■ TRY IT
Every line of the entries below that carries the string "Sneakers" should be copied.

===== DATASET EXCERPTS =====

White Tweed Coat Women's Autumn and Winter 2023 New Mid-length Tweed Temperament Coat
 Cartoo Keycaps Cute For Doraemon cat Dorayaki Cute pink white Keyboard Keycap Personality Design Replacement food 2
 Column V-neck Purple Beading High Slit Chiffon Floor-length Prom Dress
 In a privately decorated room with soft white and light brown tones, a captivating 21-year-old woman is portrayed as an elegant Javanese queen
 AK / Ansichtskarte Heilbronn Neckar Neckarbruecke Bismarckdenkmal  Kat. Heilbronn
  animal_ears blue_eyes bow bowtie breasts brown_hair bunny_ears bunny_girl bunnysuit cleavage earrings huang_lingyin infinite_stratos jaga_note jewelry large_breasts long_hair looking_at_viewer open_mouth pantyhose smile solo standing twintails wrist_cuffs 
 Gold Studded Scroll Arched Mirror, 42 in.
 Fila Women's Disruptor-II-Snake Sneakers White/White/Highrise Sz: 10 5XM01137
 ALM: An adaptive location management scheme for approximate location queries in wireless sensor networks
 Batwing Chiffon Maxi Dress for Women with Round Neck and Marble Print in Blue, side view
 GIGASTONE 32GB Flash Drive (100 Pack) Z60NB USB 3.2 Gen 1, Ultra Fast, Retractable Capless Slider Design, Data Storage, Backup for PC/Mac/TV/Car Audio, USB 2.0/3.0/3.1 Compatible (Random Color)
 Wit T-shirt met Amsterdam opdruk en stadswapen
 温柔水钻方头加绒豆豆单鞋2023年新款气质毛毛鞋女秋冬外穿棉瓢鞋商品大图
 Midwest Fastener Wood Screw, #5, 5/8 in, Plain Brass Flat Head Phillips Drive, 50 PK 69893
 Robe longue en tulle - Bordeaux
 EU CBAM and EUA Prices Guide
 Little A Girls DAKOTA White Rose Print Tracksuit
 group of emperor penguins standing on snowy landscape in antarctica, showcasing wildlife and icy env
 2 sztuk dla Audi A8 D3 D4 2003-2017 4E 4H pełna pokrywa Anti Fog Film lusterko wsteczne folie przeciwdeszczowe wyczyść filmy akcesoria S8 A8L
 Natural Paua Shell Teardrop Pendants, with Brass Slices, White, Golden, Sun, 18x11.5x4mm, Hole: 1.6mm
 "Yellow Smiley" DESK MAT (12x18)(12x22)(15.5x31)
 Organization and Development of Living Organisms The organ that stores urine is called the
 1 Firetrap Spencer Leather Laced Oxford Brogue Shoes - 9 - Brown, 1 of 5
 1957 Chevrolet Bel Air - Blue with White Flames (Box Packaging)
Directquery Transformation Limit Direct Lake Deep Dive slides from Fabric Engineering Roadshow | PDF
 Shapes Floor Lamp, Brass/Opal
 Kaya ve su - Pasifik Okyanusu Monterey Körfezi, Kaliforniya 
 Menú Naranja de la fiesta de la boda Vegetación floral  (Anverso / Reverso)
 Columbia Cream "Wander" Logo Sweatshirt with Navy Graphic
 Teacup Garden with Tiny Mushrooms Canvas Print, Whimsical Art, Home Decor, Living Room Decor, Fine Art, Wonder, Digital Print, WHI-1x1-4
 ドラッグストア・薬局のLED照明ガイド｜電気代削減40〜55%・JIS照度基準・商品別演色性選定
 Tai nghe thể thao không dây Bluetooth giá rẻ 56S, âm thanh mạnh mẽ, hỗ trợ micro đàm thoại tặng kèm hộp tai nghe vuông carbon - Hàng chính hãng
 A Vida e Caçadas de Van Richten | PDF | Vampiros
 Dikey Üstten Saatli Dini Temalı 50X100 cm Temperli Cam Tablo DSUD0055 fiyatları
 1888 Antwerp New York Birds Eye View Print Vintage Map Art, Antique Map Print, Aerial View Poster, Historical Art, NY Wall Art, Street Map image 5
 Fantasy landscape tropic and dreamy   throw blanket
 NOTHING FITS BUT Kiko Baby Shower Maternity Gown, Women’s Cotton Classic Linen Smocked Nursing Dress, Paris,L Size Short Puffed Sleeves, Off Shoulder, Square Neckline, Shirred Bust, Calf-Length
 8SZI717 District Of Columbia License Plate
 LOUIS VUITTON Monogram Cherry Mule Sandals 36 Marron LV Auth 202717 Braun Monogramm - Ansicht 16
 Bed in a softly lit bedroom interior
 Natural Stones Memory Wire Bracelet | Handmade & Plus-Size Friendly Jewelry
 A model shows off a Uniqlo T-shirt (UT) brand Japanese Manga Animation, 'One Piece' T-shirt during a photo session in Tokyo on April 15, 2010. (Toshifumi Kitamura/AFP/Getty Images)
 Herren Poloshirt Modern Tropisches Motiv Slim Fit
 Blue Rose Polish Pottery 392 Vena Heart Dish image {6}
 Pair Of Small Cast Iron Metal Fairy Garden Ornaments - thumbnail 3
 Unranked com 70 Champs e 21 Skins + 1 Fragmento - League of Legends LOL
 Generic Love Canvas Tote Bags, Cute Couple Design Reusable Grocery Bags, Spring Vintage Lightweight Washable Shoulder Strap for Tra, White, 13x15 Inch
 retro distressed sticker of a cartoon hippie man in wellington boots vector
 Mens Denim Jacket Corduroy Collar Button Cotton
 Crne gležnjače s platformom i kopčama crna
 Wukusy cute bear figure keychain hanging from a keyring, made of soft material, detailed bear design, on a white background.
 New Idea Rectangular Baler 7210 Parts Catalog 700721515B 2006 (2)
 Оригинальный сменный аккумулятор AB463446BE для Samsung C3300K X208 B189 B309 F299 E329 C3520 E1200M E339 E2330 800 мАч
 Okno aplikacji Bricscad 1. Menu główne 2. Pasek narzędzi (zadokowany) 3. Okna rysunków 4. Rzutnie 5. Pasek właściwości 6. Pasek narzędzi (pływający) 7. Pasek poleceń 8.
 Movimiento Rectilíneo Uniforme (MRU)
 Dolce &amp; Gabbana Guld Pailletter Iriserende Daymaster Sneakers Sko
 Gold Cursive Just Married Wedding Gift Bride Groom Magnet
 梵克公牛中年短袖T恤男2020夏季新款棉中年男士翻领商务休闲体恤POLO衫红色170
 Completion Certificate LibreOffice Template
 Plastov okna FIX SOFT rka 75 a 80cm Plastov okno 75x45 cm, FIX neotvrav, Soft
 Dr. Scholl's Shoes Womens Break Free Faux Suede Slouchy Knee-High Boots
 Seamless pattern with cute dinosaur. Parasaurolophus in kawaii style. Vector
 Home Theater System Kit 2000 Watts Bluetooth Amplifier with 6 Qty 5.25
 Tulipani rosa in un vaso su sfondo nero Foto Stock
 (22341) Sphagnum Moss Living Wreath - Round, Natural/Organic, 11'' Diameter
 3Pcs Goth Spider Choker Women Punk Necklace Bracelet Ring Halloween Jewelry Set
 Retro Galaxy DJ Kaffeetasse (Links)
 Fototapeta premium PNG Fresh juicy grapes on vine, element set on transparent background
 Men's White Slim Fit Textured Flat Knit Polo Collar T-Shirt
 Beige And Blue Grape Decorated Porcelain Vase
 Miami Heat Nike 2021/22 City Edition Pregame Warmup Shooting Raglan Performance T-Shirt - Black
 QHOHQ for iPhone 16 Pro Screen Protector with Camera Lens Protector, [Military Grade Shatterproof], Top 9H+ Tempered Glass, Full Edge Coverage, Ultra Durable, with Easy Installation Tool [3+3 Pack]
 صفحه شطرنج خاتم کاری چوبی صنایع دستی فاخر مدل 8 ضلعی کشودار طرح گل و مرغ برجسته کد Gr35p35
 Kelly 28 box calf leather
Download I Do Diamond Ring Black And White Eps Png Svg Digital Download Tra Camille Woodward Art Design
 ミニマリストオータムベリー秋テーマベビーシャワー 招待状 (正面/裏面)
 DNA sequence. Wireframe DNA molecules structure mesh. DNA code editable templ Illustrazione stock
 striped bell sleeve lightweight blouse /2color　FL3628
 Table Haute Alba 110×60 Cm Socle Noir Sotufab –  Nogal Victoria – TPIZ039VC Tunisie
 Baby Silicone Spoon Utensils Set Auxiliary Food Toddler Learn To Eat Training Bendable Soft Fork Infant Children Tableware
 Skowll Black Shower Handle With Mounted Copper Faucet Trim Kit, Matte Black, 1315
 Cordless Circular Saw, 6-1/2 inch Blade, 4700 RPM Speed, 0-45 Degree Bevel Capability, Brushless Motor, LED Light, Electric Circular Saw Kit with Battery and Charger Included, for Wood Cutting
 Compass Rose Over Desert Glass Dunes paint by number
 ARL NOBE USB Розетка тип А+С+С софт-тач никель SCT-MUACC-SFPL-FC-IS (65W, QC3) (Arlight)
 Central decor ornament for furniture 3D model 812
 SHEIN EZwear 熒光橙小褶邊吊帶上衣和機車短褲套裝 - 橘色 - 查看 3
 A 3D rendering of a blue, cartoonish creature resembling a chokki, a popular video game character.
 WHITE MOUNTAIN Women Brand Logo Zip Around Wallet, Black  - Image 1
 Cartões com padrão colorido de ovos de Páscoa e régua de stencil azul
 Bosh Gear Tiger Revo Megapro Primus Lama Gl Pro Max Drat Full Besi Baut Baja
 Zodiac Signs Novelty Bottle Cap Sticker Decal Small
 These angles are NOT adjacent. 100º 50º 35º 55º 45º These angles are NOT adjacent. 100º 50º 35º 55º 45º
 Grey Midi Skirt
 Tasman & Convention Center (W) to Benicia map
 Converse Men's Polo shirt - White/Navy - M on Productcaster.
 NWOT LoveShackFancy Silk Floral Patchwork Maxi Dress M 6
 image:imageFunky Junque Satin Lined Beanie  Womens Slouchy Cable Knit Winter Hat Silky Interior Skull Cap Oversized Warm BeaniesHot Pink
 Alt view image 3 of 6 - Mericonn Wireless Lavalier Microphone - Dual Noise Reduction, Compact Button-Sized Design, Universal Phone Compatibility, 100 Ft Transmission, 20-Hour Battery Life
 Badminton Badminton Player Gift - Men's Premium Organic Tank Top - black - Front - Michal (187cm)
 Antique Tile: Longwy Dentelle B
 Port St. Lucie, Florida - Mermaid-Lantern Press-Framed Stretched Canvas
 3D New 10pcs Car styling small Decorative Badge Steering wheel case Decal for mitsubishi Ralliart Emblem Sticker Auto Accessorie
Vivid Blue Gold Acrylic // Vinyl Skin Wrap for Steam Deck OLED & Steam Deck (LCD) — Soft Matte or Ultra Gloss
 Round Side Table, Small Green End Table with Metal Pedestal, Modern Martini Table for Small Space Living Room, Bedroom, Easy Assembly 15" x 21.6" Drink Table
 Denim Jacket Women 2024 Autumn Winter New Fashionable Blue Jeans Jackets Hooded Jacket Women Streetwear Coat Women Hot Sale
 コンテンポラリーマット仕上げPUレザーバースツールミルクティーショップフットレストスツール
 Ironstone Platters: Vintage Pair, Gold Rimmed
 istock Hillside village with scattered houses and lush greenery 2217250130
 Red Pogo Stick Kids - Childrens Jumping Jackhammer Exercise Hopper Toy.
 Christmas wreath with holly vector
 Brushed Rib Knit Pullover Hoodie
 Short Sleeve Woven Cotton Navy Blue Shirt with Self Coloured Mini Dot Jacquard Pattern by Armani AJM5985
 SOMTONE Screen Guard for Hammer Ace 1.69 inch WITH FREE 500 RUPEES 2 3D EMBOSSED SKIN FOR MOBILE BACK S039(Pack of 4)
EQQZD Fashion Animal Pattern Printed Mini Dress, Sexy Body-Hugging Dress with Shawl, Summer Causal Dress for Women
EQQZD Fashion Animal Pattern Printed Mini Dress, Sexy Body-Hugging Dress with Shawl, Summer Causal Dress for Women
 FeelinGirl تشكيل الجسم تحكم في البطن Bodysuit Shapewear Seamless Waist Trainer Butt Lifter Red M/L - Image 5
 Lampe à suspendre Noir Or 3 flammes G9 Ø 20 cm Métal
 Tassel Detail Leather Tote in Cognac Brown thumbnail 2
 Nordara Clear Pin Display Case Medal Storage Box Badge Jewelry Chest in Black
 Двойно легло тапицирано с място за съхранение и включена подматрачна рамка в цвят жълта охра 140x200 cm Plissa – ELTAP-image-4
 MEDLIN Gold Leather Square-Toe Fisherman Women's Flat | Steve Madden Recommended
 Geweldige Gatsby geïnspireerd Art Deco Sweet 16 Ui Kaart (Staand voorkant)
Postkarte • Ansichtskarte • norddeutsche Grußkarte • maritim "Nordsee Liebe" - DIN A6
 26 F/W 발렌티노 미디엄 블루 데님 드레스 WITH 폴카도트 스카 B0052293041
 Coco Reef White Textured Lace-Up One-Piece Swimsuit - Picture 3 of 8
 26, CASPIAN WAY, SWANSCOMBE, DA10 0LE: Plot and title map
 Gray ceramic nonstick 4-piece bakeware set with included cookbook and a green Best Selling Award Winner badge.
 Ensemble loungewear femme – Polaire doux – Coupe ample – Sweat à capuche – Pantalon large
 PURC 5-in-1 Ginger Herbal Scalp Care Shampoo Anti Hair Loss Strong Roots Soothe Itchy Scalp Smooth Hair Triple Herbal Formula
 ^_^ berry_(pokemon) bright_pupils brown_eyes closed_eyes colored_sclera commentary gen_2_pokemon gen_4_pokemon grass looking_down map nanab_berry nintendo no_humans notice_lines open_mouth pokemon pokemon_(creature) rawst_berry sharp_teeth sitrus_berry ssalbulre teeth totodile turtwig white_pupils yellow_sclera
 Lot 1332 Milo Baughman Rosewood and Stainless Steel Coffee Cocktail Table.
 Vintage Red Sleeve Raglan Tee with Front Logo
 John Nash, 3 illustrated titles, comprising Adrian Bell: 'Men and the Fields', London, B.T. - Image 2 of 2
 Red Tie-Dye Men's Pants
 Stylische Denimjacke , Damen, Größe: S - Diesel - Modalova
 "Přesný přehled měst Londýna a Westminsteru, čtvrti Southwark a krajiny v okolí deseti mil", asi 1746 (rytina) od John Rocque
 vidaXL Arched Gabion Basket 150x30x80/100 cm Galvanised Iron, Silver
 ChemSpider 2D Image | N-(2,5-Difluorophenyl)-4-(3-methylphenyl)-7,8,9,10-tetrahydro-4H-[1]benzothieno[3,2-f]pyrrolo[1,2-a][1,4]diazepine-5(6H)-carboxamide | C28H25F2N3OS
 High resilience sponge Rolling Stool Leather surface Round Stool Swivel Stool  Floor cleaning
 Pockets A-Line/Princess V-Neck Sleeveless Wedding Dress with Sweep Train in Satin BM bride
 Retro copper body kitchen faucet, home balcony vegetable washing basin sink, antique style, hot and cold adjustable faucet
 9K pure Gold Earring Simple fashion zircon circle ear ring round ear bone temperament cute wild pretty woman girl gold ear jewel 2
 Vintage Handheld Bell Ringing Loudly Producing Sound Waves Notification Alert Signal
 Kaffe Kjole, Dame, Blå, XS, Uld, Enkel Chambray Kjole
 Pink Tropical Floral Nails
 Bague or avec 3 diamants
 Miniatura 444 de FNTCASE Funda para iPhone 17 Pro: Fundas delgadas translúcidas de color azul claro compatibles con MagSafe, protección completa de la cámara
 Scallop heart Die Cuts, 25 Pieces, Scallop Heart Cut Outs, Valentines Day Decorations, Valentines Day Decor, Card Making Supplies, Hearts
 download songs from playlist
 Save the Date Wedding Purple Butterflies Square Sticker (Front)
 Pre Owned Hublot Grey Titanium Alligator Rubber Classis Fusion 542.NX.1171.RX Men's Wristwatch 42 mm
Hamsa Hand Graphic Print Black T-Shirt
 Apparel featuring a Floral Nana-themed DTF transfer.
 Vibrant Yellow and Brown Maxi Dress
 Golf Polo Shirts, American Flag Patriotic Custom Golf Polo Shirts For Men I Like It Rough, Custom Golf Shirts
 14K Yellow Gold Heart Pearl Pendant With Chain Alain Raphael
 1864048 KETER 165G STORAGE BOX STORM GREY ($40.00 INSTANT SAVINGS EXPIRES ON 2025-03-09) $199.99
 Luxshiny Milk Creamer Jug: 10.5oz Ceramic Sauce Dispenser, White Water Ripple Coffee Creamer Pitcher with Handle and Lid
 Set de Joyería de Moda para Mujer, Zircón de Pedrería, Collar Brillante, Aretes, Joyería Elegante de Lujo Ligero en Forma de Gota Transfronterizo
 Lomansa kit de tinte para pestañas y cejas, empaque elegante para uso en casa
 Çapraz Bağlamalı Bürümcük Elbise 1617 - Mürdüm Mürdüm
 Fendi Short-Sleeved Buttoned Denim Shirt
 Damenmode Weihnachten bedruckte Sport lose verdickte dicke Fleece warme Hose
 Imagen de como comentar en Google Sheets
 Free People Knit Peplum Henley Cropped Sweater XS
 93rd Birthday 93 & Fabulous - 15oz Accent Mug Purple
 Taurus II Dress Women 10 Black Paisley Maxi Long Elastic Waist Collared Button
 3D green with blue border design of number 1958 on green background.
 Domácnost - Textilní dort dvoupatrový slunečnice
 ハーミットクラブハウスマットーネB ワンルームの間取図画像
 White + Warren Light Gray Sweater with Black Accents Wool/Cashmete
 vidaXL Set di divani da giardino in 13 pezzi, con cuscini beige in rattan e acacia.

=====

■ YOUR RESPONSE
 Fila Women's Disruptor-II-Snake Sneakers White/White/Highrise Sz: 10 5XM01137
 Dolce &amp; Gabbana Guld Pailletter Iriserende Daymaster Sneakers Sko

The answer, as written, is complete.